Use the provided functions to load documents into the vector stores:

```javascript
import { RedisVectorStore } from "@langchain/redis";
import { loadDocuments } from "./main";

const documentStore = new RedisVectorStore(/* your configuration */);
const apiStore = new RedisVectorStore(/* your configuration */);

// Load documents into the vector stores
await loadDocuments(documentStore, 'path/to/your/html/documents');
await loadDocuments(apiStore, 'path/to/your/json/documents');
```
> It is important that you load plenty of documents to ensure dense search works its magic. We are working with a LLM trained to run with minimum footprint and hence needs all the support it can.
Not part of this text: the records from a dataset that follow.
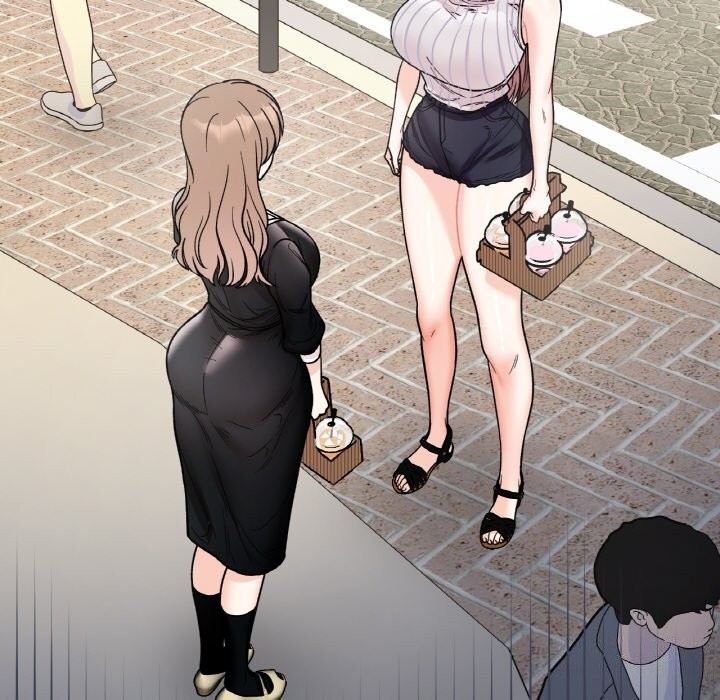 她才不是我姐姐第49話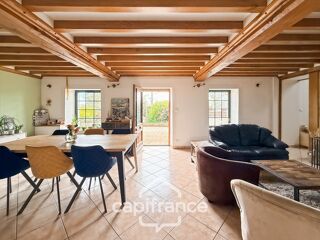  Maison à vendre 5 pièces 99 m²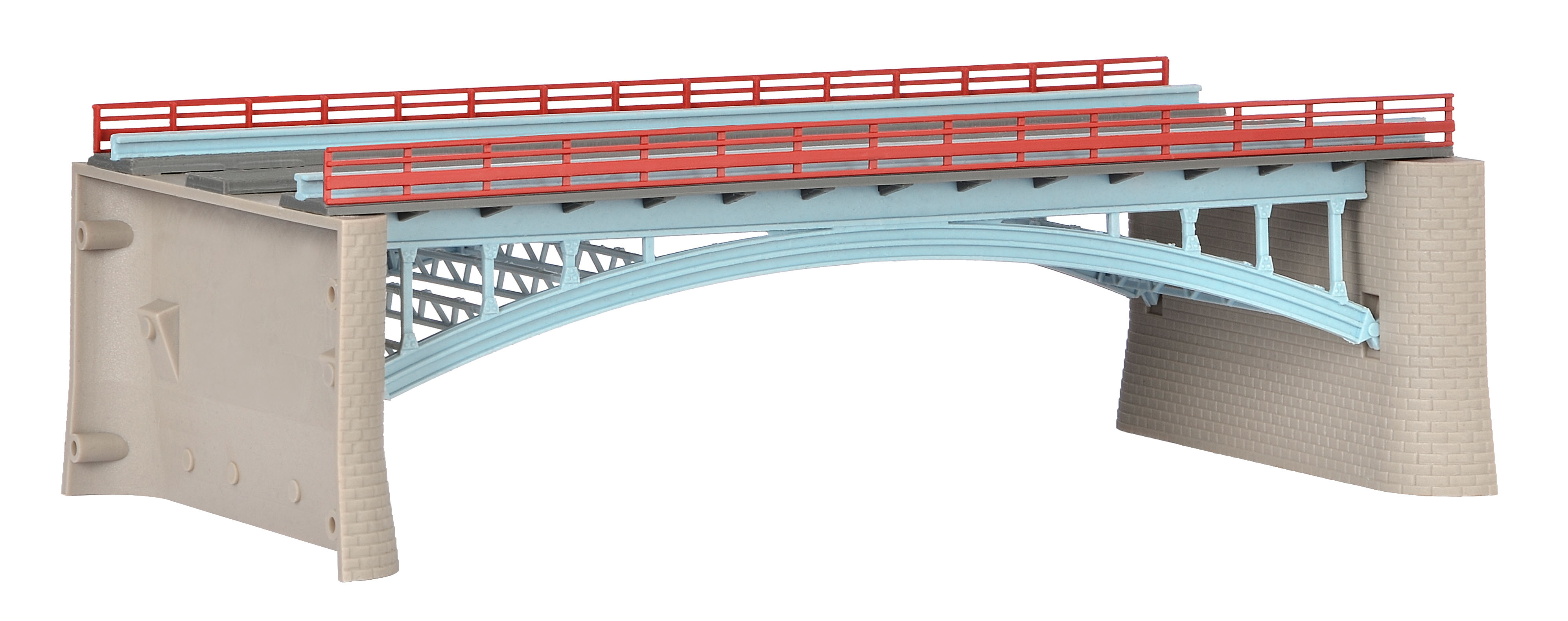 Kibri 37668 Werra-Brücke N/Z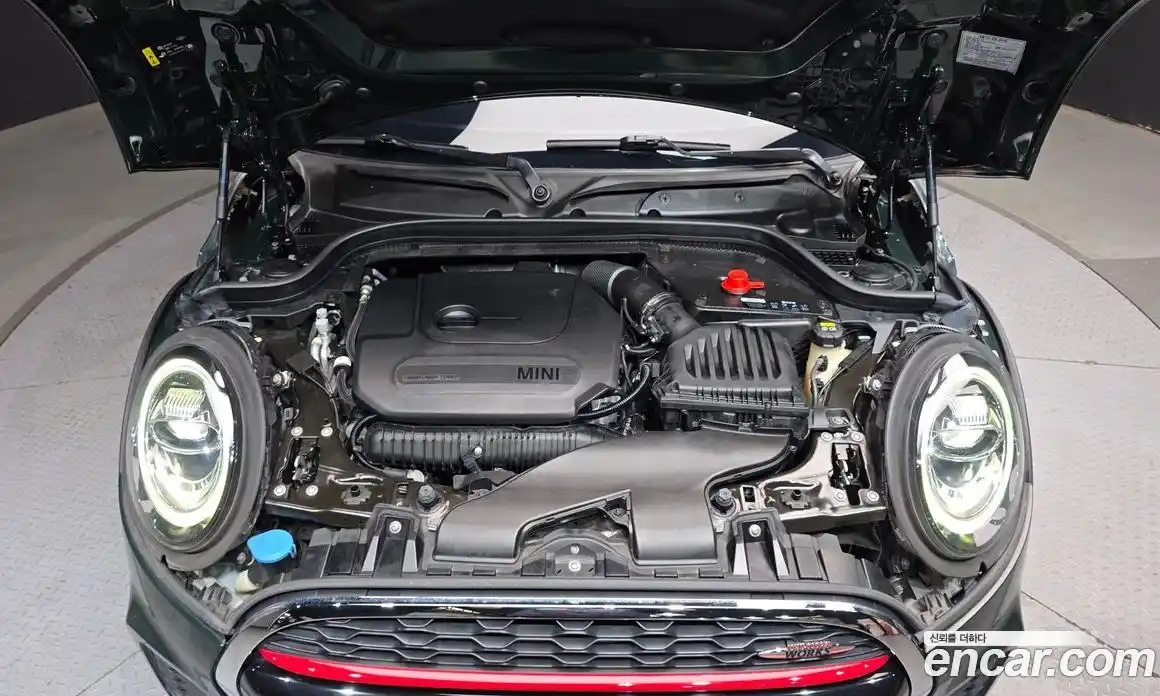Mini Cooper Convertible 2020 2.0 автомат (гидро), фото 6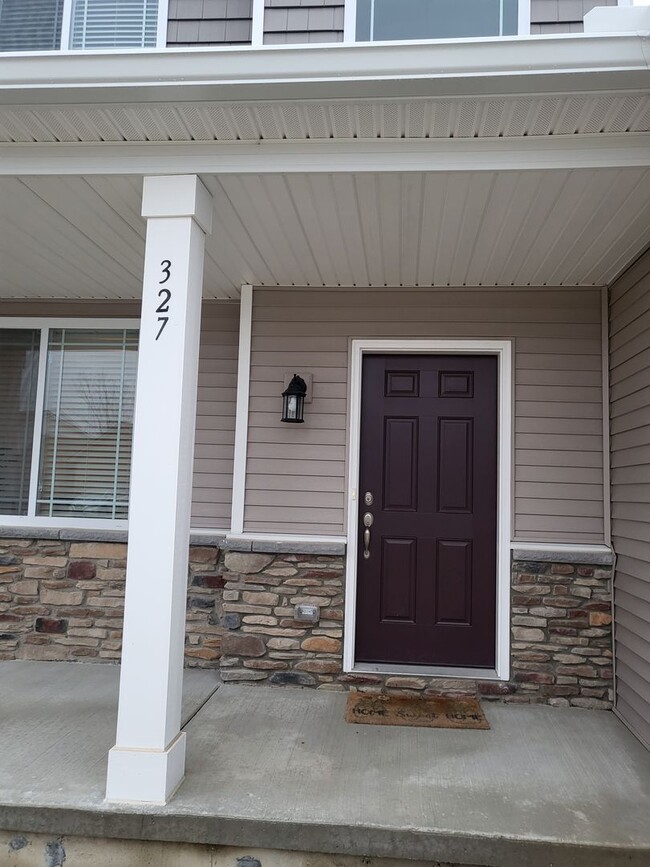 Photo - Spacious 4-Bedroom, 2.5-Bath Home Near Dow...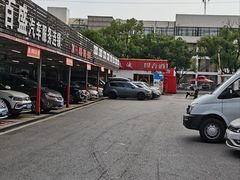 -名骏车业(新区玉山店)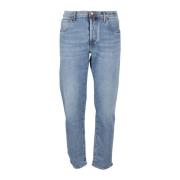 Sten Stretch Denim Jeans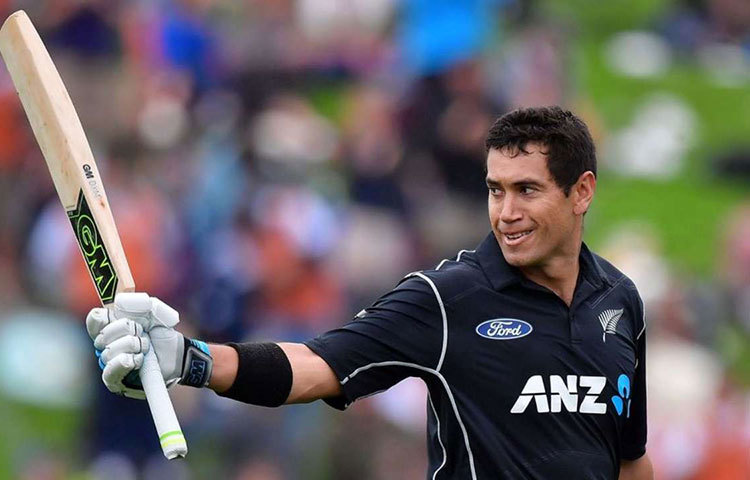 রস টেলর (নিউজিল্যান্ড) : নিউজিল্যান্ডের মিডল অর্ডার ব্যাটসম্যান রস টেলর ১০টি ইনিংসে তুলেছেন ৬৩৯ রান। তার খাতায় রয়েছে একটি শতরান ও ৪টি অর্ধ শতরান।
3. **Run the CLI Application:**

```bash
npm run cli
```

#### UI Mode

> this project is moved to a standalone setup. Read more about the application in llamapp-web[www.github.com/rajatasusual/llamapp-web]

1. **Start Redis:**

Ensure your Redis server is running. You can start Redis with:

```bash
redis-stack-server
```

> Note: For vector storage, you need redis-stack-server.

2. **Load Documents:**

Use the provided functions to load documents into the vector stores as described in the CLI section.

3. **Start the Express Server:**

```bash
npm start
```

This will run the `serve.ts` file, which contains an Express.js setup that runs the engine locally for an application to communicate.

4. **Access the Application:**

Open your browser and navigate to the local server (e.g., `http://localhost:3000`) to interact with the application through the UI.

### Example Usage

Here's a brief example of how you can use the RAG engine to process a user query and generate a response:

```javascript
import { respond } from "./main";

// Example query
const question = "How do I set up a local server?";

// Get response
respond(question).then(response => {
console.log("Response:", response);
});
```

### Contributing

Contributions are welcome! Please feel free to submit a pull request or open an issue for any improvements or bugs you find.

### License

This project is licensed under the MIT License.